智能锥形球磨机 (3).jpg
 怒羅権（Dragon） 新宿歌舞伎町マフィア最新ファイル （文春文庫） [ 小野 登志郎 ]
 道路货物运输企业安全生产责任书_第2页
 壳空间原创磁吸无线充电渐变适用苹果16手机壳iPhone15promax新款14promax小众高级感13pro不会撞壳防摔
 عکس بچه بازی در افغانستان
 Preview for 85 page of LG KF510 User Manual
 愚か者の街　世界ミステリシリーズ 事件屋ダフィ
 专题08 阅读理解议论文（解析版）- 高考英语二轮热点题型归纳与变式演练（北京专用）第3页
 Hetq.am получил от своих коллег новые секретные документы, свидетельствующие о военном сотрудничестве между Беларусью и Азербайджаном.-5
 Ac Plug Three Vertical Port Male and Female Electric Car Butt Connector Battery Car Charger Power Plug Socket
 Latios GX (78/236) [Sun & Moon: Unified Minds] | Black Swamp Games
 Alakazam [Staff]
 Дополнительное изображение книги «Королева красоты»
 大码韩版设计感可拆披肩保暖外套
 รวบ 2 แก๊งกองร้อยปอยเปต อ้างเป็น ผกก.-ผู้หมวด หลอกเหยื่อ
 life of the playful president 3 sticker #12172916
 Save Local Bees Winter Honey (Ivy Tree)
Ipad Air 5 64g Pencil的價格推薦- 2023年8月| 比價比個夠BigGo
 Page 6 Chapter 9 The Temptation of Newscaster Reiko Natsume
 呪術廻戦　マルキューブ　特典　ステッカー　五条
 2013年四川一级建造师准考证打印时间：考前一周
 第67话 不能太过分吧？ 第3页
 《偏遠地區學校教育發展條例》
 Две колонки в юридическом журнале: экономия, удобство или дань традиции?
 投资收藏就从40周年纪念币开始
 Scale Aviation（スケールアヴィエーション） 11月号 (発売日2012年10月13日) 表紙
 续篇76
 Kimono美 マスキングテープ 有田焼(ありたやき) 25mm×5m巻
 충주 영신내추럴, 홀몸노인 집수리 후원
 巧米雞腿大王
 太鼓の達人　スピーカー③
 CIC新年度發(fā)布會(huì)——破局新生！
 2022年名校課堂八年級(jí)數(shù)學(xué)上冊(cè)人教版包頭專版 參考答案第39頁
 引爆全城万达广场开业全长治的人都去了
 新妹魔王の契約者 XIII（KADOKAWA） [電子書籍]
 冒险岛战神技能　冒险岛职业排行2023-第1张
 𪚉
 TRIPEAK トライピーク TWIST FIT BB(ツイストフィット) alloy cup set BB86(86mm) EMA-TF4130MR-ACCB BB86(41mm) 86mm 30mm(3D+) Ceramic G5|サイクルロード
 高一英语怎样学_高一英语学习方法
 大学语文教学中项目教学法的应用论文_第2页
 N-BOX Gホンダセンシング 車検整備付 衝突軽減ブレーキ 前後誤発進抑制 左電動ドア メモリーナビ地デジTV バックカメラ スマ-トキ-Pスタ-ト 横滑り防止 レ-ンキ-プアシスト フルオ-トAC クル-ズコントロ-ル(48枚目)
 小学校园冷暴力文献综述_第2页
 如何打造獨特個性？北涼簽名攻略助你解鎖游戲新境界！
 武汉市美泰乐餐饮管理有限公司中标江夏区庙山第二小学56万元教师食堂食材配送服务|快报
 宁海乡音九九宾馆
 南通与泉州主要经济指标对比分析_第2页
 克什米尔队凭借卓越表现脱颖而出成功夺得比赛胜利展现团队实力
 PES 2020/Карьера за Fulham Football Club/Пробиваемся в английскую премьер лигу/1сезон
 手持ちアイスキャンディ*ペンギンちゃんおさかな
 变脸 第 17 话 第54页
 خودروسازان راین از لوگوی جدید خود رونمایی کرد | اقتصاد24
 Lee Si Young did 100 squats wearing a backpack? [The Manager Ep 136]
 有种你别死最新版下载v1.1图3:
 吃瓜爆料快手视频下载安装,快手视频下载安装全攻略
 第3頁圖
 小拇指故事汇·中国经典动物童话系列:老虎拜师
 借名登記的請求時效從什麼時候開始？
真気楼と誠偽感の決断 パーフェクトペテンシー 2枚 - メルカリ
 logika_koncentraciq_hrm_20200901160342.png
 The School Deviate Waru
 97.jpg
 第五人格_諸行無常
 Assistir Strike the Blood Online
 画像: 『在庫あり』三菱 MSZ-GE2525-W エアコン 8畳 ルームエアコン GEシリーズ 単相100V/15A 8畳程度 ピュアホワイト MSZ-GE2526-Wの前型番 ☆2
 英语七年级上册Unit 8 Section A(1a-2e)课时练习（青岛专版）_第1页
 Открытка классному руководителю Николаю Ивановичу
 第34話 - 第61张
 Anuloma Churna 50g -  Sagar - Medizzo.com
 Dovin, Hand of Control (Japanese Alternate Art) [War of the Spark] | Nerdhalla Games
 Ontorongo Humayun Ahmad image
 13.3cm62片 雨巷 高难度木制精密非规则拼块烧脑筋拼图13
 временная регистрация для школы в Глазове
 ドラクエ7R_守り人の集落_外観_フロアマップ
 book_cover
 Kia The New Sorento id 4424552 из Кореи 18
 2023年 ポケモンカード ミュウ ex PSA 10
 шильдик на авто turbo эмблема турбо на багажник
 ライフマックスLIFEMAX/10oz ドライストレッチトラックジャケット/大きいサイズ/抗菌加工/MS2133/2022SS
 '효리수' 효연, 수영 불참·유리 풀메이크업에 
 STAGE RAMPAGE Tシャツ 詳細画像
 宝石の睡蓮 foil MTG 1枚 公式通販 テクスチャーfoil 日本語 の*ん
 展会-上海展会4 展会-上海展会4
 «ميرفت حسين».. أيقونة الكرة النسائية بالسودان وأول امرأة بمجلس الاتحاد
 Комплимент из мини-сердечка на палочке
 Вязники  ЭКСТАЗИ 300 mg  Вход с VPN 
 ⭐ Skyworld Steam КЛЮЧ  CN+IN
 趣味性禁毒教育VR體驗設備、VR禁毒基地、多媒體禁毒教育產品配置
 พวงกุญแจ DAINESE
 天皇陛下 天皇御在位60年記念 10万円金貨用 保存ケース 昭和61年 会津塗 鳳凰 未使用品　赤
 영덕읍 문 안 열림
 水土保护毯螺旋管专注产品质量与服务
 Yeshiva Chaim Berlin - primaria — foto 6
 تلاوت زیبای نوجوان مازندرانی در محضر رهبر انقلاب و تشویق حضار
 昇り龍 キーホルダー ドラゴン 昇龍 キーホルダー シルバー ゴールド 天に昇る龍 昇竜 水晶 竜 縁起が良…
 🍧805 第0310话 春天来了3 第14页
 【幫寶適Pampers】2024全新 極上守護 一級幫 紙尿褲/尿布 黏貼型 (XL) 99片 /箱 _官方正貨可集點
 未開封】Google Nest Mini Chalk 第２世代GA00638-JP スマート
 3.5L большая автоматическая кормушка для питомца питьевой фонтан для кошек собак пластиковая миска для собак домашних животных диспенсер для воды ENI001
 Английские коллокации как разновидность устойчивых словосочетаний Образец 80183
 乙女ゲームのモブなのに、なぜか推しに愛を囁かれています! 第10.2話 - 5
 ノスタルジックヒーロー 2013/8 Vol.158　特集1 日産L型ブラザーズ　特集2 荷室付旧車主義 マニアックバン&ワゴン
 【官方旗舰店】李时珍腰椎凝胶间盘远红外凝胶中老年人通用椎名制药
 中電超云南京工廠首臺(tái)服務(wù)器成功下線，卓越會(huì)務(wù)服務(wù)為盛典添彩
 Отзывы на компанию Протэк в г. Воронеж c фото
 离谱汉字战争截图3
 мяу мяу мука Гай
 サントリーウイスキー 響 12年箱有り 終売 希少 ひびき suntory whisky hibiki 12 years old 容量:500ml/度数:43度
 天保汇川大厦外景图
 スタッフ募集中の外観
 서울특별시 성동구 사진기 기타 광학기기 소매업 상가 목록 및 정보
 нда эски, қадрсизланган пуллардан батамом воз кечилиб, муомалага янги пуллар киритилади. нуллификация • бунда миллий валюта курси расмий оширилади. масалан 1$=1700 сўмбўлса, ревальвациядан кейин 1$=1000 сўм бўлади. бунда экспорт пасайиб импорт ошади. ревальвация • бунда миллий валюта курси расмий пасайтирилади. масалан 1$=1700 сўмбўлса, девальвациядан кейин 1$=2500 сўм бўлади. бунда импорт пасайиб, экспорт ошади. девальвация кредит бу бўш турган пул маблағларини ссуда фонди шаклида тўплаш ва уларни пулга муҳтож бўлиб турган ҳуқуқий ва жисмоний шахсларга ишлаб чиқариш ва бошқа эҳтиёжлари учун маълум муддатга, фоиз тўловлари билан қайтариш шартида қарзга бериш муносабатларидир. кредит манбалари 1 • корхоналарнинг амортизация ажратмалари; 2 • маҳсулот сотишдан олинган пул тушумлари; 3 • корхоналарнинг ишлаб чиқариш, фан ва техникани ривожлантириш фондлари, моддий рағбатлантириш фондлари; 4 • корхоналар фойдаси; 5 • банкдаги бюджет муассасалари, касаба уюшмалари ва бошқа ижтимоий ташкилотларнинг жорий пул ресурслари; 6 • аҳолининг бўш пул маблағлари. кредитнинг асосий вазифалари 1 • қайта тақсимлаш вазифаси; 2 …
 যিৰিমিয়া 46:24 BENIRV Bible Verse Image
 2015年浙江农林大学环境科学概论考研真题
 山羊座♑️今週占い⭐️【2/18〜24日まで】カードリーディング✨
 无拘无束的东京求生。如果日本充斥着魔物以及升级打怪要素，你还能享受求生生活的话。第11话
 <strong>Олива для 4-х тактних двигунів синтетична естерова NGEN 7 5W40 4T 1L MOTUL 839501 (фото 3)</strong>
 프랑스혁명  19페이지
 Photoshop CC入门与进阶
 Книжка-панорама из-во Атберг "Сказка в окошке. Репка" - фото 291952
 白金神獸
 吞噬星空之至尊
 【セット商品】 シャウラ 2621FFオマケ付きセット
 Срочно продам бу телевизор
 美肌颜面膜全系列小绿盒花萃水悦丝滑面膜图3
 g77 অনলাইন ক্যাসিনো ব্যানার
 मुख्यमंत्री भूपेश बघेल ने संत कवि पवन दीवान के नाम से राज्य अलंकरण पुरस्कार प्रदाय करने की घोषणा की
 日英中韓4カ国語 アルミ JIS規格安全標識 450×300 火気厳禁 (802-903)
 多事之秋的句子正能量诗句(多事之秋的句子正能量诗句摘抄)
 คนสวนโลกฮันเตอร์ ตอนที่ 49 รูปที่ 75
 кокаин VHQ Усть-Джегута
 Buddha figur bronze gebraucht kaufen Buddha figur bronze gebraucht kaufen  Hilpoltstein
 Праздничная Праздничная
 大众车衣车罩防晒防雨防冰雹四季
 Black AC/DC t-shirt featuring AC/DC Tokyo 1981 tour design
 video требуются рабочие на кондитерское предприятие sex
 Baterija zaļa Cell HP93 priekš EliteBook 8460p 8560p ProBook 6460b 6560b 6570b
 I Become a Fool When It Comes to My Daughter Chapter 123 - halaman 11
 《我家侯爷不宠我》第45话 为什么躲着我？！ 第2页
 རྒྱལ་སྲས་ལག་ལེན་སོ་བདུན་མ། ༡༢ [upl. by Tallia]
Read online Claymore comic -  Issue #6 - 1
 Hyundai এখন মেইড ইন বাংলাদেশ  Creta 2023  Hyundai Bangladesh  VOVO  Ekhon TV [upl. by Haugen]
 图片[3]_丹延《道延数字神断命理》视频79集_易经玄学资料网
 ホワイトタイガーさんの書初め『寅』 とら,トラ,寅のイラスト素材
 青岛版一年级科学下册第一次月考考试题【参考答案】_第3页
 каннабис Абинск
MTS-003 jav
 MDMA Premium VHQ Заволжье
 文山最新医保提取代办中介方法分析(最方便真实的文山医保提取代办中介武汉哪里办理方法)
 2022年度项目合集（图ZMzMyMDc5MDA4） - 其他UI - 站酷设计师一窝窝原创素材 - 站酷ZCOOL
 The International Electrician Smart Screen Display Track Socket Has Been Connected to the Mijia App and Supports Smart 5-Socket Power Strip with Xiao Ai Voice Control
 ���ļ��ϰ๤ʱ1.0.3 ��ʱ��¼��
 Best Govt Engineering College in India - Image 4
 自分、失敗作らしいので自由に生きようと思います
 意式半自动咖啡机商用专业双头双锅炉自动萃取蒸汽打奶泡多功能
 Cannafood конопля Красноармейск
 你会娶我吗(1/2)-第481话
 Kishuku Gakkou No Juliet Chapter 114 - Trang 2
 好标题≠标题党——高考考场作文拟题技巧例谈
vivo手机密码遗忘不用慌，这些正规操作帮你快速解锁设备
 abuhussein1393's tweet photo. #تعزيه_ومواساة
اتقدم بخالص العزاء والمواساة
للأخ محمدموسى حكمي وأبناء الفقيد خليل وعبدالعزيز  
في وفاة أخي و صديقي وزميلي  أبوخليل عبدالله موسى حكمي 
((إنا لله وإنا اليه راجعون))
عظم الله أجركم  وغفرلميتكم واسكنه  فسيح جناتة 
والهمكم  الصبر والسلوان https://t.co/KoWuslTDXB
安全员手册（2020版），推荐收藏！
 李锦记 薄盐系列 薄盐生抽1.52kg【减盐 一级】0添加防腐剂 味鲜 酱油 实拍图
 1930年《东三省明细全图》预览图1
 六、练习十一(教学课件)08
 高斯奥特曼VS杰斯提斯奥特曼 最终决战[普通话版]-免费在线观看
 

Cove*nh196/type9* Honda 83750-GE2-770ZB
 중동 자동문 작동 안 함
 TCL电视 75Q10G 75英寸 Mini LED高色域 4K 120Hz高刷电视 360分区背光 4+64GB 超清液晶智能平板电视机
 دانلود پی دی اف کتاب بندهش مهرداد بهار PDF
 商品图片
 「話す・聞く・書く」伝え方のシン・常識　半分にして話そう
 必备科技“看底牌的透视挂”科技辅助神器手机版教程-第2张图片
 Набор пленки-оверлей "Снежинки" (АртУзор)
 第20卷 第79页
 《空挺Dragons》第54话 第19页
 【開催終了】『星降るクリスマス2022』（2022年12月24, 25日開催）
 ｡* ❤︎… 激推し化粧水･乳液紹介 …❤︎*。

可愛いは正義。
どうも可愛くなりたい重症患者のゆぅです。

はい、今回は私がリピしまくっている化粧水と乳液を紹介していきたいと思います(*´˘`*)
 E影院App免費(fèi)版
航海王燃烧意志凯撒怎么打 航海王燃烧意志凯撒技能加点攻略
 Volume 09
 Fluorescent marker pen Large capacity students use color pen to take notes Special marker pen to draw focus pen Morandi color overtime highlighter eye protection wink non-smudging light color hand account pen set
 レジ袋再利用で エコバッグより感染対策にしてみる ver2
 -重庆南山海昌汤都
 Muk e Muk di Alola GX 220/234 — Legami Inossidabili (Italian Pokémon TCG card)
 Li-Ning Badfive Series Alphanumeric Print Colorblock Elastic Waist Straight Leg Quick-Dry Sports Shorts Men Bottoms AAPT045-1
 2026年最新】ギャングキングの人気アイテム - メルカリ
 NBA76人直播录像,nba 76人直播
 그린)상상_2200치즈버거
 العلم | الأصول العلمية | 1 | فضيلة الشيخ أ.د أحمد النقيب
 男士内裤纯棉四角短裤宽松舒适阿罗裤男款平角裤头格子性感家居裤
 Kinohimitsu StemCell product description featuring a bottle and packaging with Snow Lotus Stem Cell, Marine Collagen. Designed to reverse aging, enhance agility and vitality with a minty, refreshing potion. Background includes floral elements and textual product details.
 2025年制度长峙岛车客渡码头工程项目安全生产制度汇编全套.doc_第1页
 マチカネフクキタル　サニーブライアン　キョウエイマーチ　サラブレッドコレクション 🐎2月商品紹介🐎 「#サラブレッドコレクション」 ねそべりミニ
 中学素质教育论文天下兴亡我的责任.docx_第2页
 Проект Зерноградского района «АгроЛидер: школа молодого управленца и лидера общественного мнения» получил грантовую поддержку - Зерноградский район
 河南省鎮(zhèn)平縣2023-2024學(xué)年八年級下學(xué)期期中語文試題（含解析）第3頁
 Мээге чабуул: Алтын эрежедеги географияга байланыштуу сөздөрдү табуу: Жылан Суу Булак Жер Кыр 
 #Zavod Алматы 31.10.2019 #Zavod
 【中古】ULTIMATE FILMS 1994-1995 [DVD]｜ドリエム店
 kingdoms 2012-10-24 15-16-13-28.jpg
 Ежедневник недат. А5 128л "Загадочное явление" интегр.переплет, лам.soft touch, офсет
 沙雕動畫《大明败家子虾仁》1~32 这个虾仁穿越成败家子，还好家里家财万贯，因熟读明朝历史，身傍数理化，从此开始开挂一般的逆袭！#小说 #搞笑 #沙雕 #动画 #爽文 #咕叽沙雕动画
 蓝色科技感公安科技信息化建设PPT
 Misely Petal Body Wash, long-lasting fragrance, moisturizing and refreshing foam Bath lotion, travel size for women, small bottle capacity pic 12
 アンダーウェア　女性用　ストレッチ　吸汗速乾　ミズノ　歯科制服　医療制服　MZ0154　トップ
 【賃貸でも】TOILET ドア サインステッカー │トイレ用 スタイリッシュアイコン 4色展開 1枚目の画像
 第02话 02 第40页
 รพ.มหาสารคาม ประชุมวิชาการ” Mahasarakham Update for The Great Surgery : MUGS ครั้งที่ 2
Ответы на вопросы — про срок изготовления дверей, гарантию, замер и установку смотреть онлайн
***
**Task:**
Out of the listing above, reproduce exactly the lines from the one with "Kimono美 マスキングテープ 有田焼(ありたやき) 25mm×5m巻" up to and including the one with "大学语文教学中项目教学法的应用论文_第2页".

**Task solution:**
 Kimono美 マスキングテープ 有田焼(ありたやき) 25mm×5m巻
 충주 영신내추럴, 홀몸노인 집수리 후원
 巧米雞腿大王
 太鼓の達人　スピーカー③
 CIC新年度發(fā)布會(huì)——破局新生！
 2022年名校課堂八年級(jí)數(shù)學(xué)上冊(cè)人教版包頭專版 參考答案第39頁
 引爆全城万达广场开业全长治的人都去了
 新妹魔王の契約者 XIII（KADOKAWA） [電子書籍]
 冒险岛战神技能　冒险岛职业排行2023-第1张
 𪚉
 TRIPEAK トライピーク TWIST FIT BB(ツイストフィット) alloy cup set BB86(86mm) EMA-TF4130MR-ACCB BB86(41mm) 86mm 30mm(3D+) Ceramic G5|サイクルロード
 高一英语怎样学_高一英语学习方法
 大学语文教学中项目教学法的应用论文_第2页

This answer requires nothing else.